MORE
- IN FOCUS -

More IN FOCUS

 

MORE - IN FOCUS

PAGE 2/4 ::: 1 | 2 | 3 | 4

INFO   :::  Home - In Focus > In Focus Archiva - PAGE 2 > Handke’s Nobel Prize: Link in a Chain of Genocide Denial

 

Handke’s Nobel Prize: Link in a Chain of Genocide Denial

The awarding of the Nobel Literature Prize to Slobodan Milosevic apologist Peter Handke was just part of a wider phenomenon of denying crimes committed by Bosnian Serb forces during the 1990s war.

 

Edina Becirevic

December 11, 2019, Balkan Transitional Justice

 

 

On Tuesday, Austrian author Peter Handke officially received the Nobel Prize for literature.

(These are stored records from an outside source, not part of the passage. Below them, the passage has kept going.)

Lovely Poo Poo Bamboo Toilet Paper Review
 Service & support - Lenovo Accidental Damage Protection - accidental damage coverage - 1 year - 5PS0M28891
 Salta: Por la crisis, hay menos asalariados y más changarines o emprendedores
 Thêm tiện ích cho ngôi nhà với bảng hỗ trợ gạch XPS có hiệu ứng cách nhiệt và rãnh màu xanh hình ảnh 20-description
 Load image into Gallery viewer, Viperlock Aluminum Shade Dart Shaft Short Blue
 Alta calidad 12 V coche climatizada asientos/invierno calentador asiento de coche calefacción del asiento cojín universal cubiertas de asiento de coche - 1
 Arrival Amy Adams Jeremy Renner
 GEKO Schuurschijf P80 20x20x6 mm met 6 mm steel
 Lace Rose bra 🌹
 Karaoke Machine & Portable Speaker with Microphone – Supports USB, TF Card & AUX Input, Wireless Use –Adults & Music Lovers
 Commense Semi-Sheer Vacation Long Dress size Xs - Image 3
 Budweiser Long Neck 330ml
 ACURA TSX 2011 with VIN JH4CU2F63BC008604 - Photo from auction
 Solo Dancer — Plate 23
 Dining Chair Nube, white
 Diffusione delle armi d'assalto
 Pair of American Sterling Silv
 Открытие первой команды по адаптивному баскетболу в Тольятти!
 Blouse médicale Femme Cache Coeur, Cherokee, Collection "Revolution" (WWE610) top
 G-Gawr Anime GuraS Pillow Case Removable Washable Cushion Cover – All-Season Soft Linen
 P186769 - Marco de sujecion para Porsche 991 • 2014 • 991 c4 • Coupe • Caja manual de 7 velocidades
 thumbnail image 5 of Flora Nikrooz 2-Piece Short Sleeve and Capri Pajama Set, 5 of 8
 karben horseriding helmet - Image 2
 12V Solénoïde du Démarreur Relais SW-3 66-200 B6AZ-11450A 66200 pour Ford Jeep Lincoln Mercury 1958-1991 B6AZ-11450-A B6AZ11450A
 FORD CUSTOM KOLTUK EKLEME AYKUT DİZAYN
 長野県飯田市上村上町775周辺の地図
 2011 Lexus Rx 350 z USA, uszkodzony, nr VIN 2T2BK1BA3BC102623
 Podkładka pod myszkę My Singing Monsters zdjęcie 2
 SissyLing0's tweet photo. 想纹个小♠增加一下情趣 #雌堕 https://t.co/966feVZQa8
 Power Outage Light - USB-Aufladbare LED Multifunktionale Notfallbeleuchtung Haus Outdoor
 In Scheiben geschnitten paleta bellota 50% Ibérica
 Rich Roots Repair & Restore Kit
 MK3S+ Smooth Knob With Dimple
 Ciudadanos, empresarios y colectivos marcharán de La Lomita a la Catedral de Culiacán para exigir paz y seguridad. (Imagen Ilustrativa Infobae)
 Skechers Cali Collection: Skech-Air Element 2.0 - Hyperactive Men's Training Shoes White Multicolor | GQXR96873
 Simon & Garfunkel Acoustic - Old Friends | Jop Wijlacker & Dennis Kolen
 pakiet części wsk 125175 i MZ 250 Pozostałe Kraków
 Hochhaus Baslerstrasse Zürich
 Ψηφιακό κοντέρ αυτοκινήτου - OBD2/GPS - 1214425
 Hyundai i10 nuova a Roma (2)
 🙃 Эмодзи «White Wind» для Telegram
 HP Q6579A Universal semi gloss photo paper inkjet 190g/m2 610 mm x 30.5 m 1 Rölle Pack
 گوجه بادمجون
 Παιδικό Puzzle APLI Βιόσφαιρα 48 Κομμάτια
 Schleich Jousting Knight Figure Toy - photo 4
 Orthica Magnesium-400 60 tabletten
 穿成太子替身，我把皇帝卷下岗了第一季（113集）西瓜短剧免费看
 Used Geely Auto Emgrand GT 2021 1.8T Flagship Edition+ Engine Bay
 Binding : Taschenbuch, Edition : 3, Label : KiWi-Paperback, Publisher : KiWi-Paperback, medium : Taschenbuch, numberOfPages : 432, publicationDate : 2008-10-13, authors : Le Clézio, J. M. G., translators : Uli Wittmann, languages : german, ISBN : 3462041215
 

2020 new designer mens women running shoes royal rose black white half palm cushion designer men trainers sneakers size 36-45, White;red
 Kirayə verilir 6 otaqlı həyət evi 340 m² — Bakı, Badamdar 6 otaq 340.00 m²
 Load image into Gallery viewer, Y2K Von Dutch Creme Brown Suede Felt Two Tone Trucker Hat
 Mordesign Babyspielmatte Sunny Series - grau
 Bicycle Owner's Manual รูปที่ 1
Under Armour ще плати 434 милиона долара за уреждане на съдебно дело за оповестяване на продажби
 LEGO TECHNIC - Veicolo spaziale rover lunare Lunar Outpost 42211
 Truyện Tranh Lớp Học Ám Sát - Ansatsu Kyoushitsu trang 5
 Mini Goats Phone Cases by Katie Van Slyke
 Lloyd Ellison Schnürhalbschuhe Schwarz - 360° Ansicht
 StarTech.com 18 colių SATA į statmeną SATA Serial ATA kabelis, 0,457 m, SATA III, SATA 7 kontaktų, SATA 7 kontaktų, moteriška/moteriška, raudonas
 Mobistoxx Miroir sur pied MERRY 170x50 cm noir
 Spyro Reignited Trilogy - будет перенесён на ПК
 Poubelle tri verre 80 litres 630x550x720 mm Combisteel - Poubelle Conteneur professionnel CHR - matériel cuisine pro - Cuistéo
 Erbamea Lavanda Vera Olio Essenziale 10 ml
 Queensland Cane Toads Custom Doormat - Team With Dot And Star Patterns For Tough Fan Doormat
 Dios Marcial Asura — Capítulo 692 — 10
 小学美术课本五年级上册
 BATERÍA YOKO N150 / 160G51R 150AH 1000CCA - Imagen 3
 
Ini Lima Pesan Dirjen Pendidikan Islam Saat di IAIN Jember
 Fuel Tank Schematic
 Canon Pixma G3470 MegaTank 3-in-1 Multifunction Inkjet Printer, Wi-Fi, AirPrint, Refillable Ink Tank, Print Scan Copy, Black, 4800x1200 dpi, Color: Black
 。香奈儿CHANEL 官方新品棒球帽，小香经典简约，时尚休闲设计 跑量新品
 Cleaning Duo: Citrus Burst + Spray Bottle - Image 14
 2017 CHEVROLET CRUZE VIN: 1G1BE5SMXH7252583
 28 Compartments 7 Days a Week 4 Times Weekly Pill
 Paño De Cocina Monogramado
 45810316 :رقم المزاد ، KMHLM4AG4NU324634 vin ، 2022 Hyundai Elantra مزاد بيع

Any hope for the unexpected, for the prize to be revoked, did not materialise.

I can list abundant reasons why the choice to bestow such an honour on this man is so deeply wrong, but these have been detailed extensively by many distinguished authors and journalists.

Peter Maass, an American journalist who covered the Bosnian conflict and subsequently wrote the book ‘Love Thy Neighbour: A Story of War’, has been especially persistent in dissecting both the origins and mechanisms of Handke’s genocide denial in his writing for The Intercept, and laying out the hypocrisy and ill-will behind the decision of the Nobel Committee.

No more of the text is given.